Work required. A verbatim copy of the full data, with no pictures, is the expected answer.

Stored data.
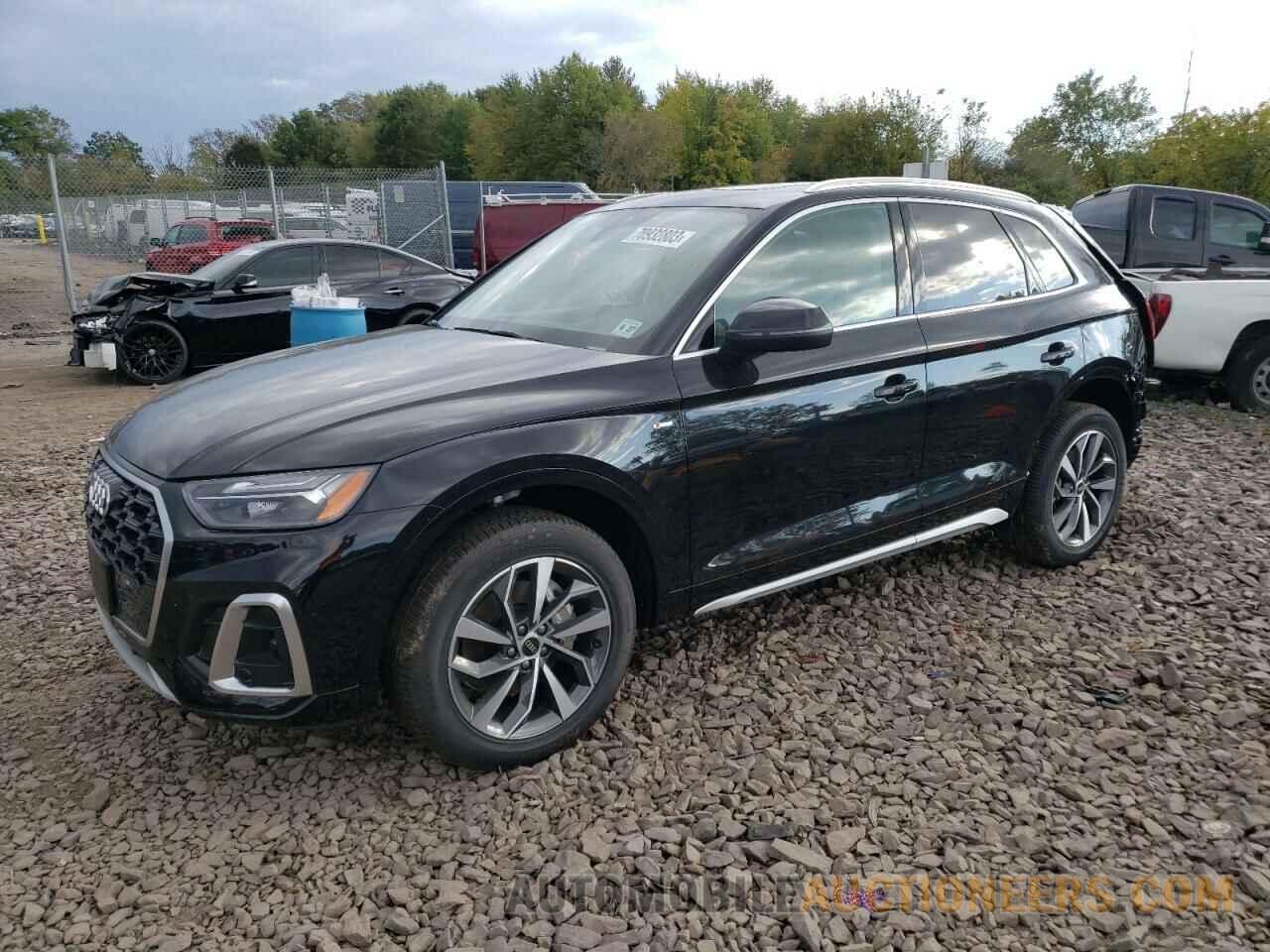 WA1GAAFY8P2150946 AUDI Q5 2023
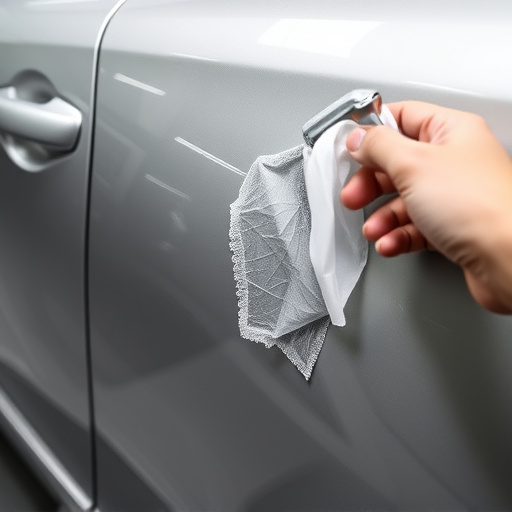 dent removal process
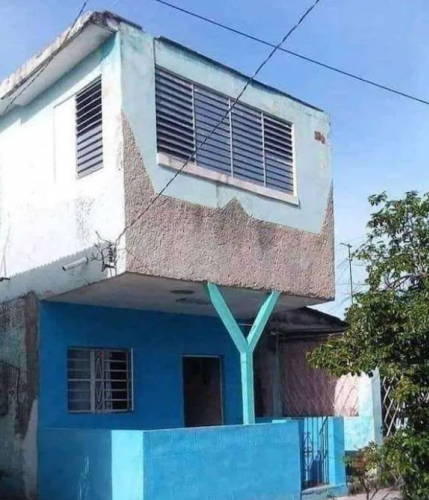 Birbirinden ilginç mimari hatalar görenleri şaşırttı 16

Response to the exercise.
 WA1GAAFY8P2150946 AUDI Q5 2023
 dent removal process
 Birbirinden ilginç mimari hatalar görenleri şaşırttı 16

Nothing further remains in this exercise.